His mid-range game is fairly well developed for his youth. Williams can get to spots and pull up for jumpers all over the floor, proving to be a viable scorer. When he can't get all the way to the rim, he'll need to rely on that particular skill and it'll make him more dangerous. His length is an asset defensively too. Corralling quicker guards will be possible and he'll also be able to challenge shots, either on the perimeter or at the rim, without have to closeout all the way.

Areas for Improvement
Strength and maturing physically is certainly an area to improve. That being said, he doesn't appear as though the physicality will affect him greatly. When everything is said and done, it looks like Williams should be able to take whatever pounding will come in the Big Ten. Ballhandling and passing are continued areas of focus for Williams. He likely won't handle the ball terribly much for Illinois, but opportunities will exist for him to create off the dribble. That of course will be even more true this upcoming season as the Illini are thin at point guard, with their two most experienced options being offensive liabilities on a team that needs to improve their scoring. Williams will need to not only handle the ball in traffic, but also look for open teammates when other defenders collapse.
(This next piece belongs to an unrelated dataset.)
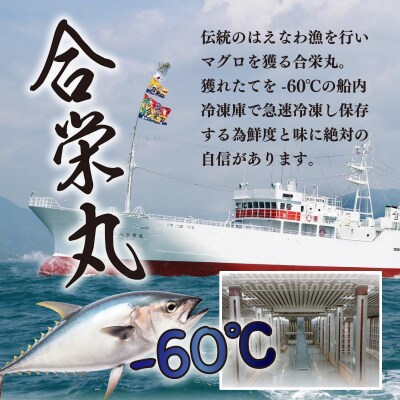 【船元直送】厳選天然本マグロ豪華定期便【全5回】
Williams could also develop a broader post game. Against smaller perimeter defenders Illinois could exploit mismatches in the post thanks to his size.  His length and athleticism should translate in that area, and again, he'll become quite dangerous offensively. Williams is aggressive and doesn't mind contact inside, so it ought to be a matter of coaching and refining that particular area of his game.

ESPN recruiting thinks he "could also be more of a factor on the glass given his length and quickness to the ball." Certainly, Williams has the frame to be more effective on the glass, but he will especially need to exploit mismatches.

Player Outlook
Illinois's offseason has had its share of turmoil, but its recruiting class has great promise. Include D.J. Williams in that mix; he'll make an immediate impact at Illinois. He played at a competitive high school program, many of his cohorts have landed Division I scholarships and the leap from high school to college shouldn't be as drastic compared to some incoming freshmen. However, he'll still need to transition to Big Ten basketball and the system Coach Groce hopes to employ.

His length and athleticism will translate immediately and he's fairly refined offensively. What remains is that continued development as an offensive threat and showing his wares on the glass and defensively. Either way, Williams has the foundation to be a good contributor (if not eventually a star) for Illinois basketball going forward.